E in questo senso la risposta non può che essere positiva anche se la Roma ha perso senza segnare. La Roma tutto sommato ha contenuto bene l’Inter, al netto di un errore individuale fatale su gol. Ma per il resto, dopo quei 10 minuti di assestamento iniziale, la Roma ha progressivamente messo sotto l’Inter e in questo senso il piano ha funzionato bene. Ha funzionato Wesley a sinistra, opposto allo spauracchio Dumfries, ha funzionato Dybala usato in una posizione utile a non dare punti di riferimento alla difesa avversaria, ha funzionato la mossa di Hermoso più avanzato e tutto sommato ha funzionato pure la mossa di tenere Mancini e Ndicka sui due attaccanti, liberando Hermoso. Se Ndicka ha sbagliato qualcosa, non è certo per la posizione di partenza di centrodestra. Ciò che invece ci sembra assai più evidente è il gap sotto il profilo della qualità tecnica di alcuni giocatori.

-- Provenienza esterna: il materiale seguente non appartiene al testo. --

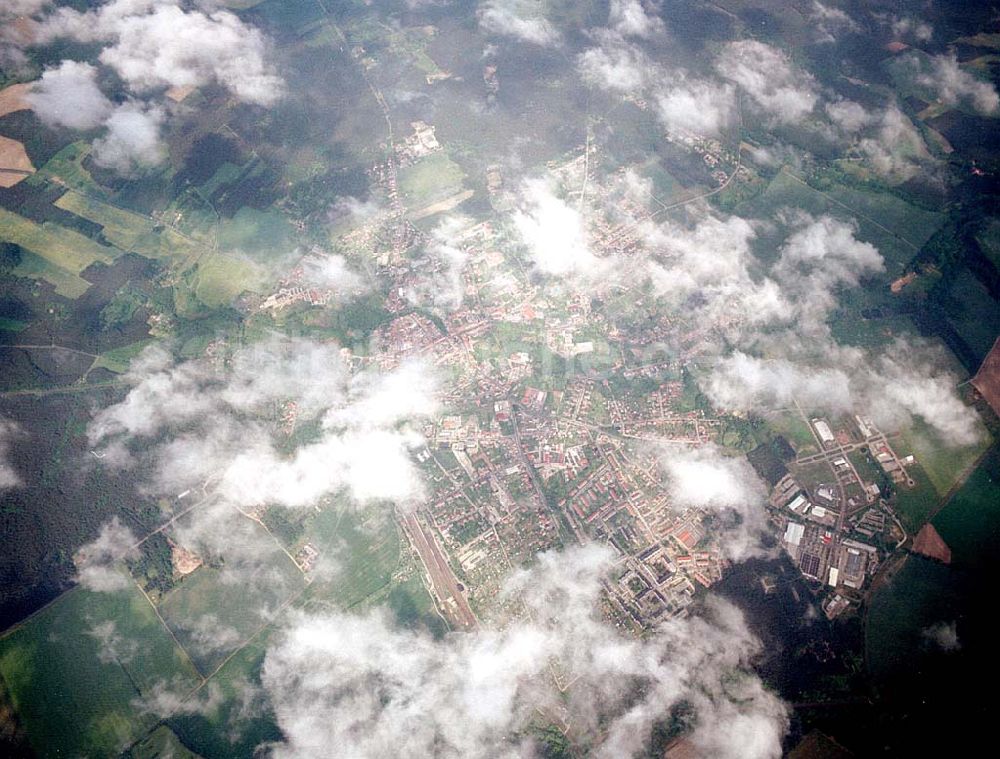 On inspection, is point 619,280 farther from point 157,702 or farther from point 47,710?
point 47,710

Ogni volta che la Roma sbagliava un disimpegno, l’Inter riusciva ad arrivare in porta con due o tre tocchi, segno di una intesa raffinata degli anni e di una qualità tecnica che la Roma in difesa e in mezzo al campo si sogna. La Roma non ha un Bastoni, non ha un Barella, non ha un Mkhitaryan (ce l’aveva, ma questa è un altro discorso ), non ha un Calhanoglu, non ha neppure un Akanji. E davanti Dovbyk e Ferguson sembrano avviluppati in una strana ragnatela che ne intorbidisce i movimenti, figuriamoci le conclusioni. Ma come ravvisare in tutto questo qualche responsabilità dell’allenatore? A nostro modesto avviso, domenica la Roma ha dato una prova di grandissima consistenza, mostrando contro l’avversario più forte possibile di aver raggiunto un livello di solidità e di efficacia offensiva che può durare nel tempo, anzi, può solo migliorare ed è una prospettiva che negli ultimi anni si era intuita solo nel lavoro di Daniele De Rossi.